Onde se irão meter os lagartos? Uma abordagem ecológica de "As Pequenas Memórias"
Resumo
A Carta Universal de Deveres e Obrigações dos Seres Humanos confere aos direitos humanos uma nova abordagem, posicionando-os, não no ponto de vista do sujeito individual, o eu, mas no ponto de vista do outro, de todos os outros, humanos e ecossistemas naturais que devemos ter em atenção e cuidar.
Este descentramento do sujeito de direitos é acompanhado por uma valorização do mundo sensível e natural.
No livro autobiográfico As pequenas memórias, o menino e jovem Zé encontra, através do contacto direto e afetivo do seu corpo, o mundo das coisas pequenas da natureza, constituído por experiências, histórias e realidades vivas e significativas que têm lugar especialmente em Azinhaga, sua aldeia de nascimento.

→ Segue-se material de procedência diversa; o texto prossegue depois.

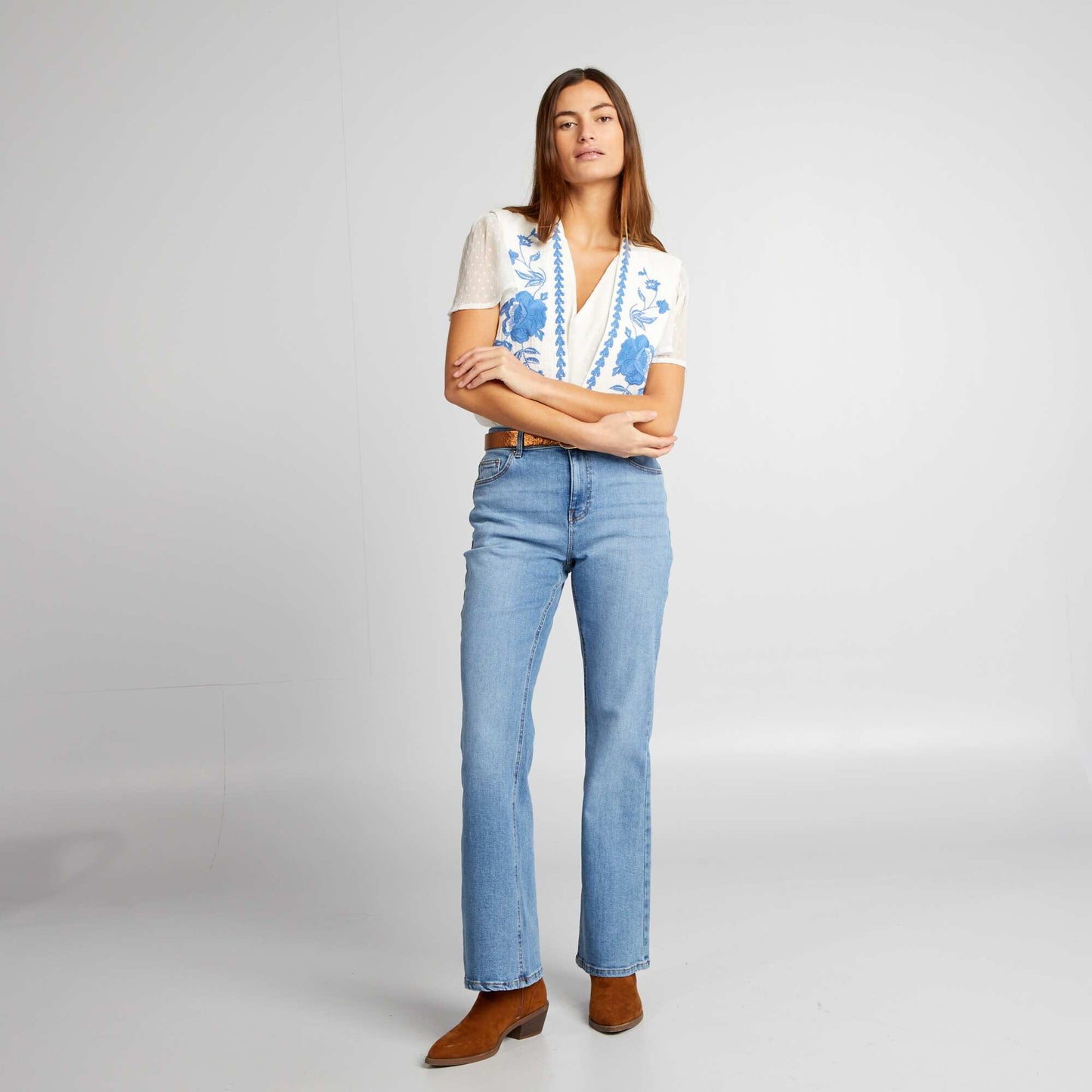 Veste sans manches à broderies Blanc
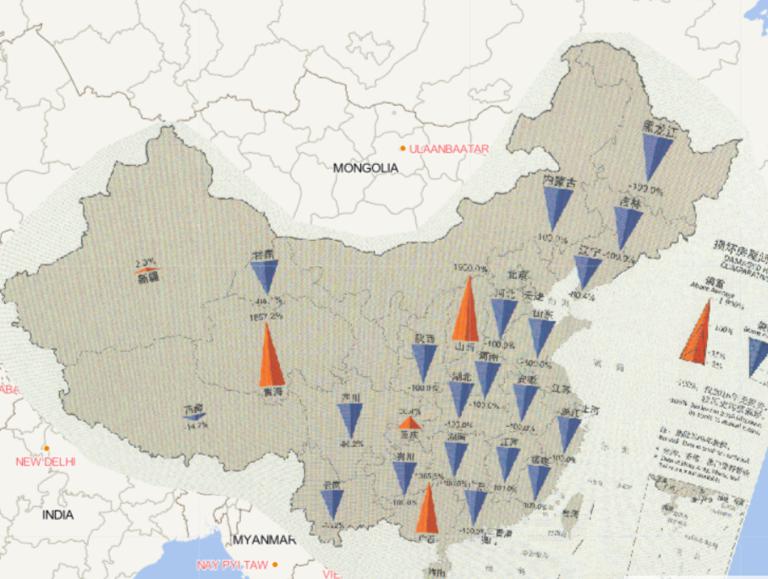 Online map of comparison of earthquake caused damaged housing in 2016 to the annual mean since 2000 by province in China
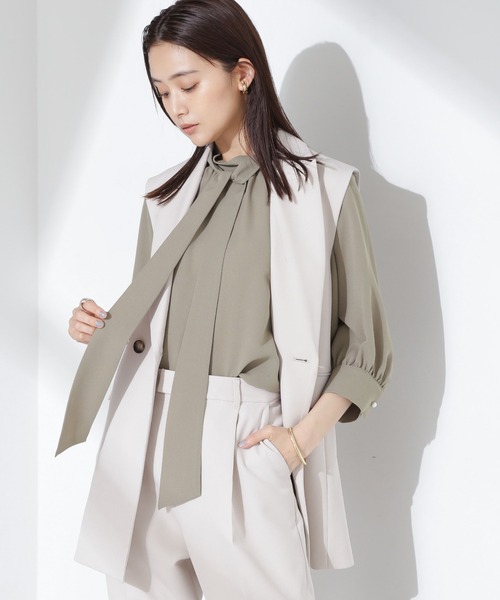 NANO universe（ナノユニバース）の「ボウタイ取り外し可2wayブラウス（シャツ/ブラウス・レディース・ブルー/グリーン系その他4/アイボリー・FREE）」の6枚目の写真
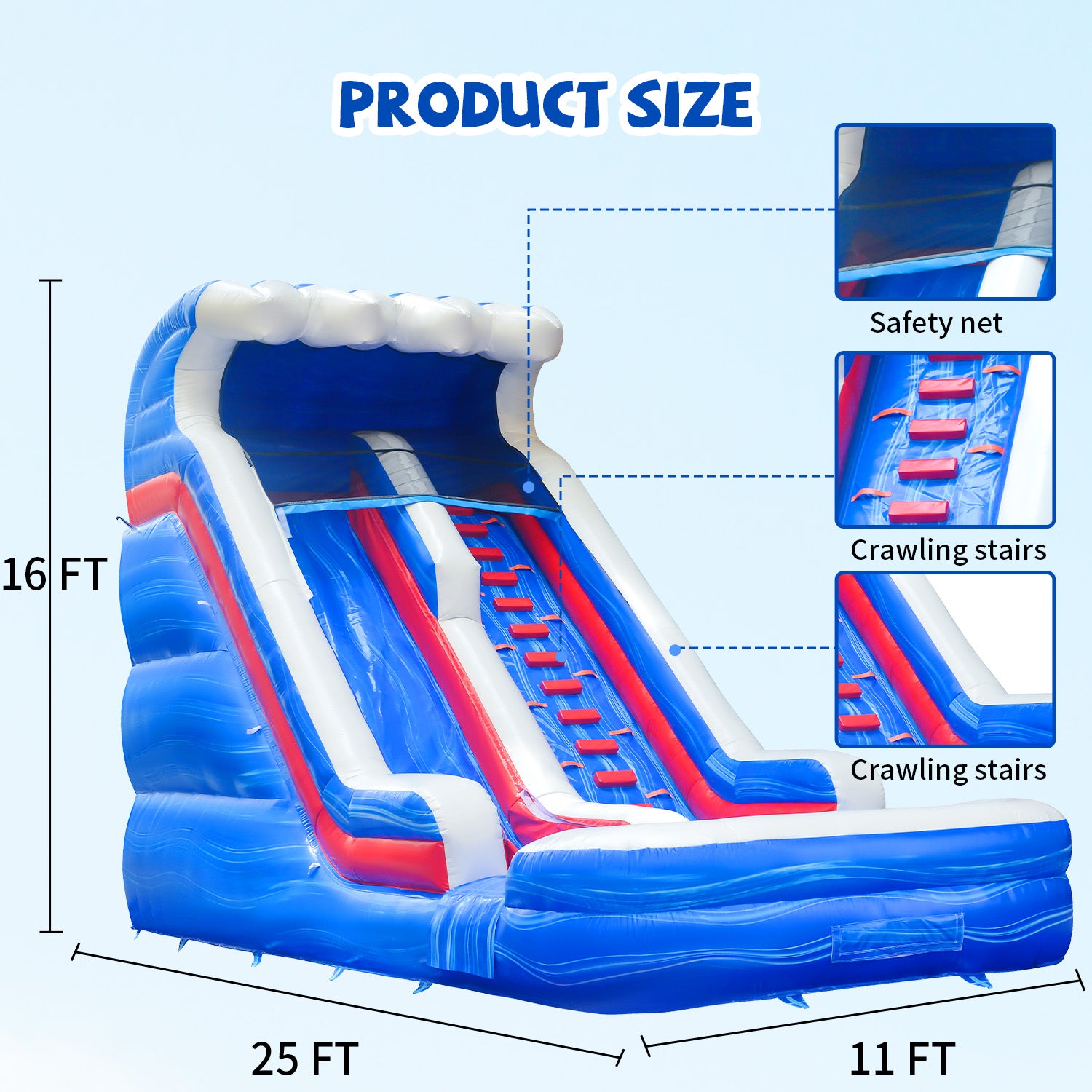 GOOSH 11' W x 25' D Inflatable Water Slide with Air Blower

Este mundo forma um ecossistema de imagens, cheiros, e sensações que molda o imaginário literário de toda a obra de Saramago e, nele, este menino reconhece-se parte da natureza, descrita como rede de vida interdependente e em equilíbrio: “A criança, durante o tempo que o foi, estava simplesmente na paisagem, fazia parte dela”.
Atualmente a paisagem de Azinhaga mudou porque alguns dos seus habitantes arrancaram os velhos olivais para cultivo extensivo de oliveira mais lucrativo.
Plantam-se oliveiras que crescem mais depressa e que “por muitos anos que vivam, serão sempre pequenas” para facilitar a colheita da azeitona que embaratece o trabalho e o produto, proporcionando maior lucro.
O rompimento da ligação ancestral à natureza provoca naquela gente arrependimento, levando-a a chorar o “azeite derramado”, mas inutilmente porque a terra transformou-se irreversivelmente.
Neste cenário de instrumentalização e exploração da terra, reduzida a simples matéria-prima - alimentos e energia - ou mercadoria, para servir o poder supremo do mercado económico, Saramago deixa aberta a pergunta, “O que não sei é onde se irão meter os lagartos”.